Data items
****************

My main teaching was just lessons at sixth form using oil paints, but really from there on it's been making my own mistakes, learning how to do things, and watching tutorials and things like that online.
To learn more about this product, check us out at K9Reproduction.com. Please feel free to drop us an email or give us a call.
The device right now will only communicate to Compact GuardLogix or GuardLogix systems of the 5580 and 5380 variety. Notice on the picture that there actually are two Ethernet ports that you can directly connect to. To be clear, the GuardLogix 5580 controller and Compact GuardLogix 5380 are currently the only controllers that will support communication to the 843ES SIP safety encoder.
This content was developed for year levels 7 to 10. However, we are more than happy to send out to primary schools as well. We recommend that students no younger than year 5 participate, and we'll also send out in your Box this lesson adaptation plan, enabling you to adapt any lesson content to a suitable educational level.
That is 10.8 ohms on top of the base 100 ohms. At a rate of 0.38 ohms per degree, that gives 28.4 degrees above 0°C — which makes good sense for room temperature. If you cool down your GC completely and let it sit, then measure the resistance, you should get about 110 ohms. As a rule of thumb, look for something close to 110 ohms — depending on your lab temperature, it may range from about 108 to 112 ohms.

****************

**Work to complete**
Repeat, word for word, the lines from the start of the records to the line that contains "The device right", both of them included, and no others.

**Solved problem**
My main teaching was just lessons at sixth form using oil paints, but really from there on it's been making my own mistakes, learning how to do things, and watching tutorials and things like that online.
To learn more about this product, check us out at K9Reproduction.com. Please feel free to drop us an email or give us a call.
The device right now will only communicate to Compact GuardLogix or GuardLogix systems of the 5580 and 5380 variety. Notice on the picture that there actually are two Ethernet ports that you can directly connect to. To be clear, the GuardLogix 5580 controller and Compact GuardLogix 5380 are currently the only controllers that will support communication to the 843ES SIP safety encoder.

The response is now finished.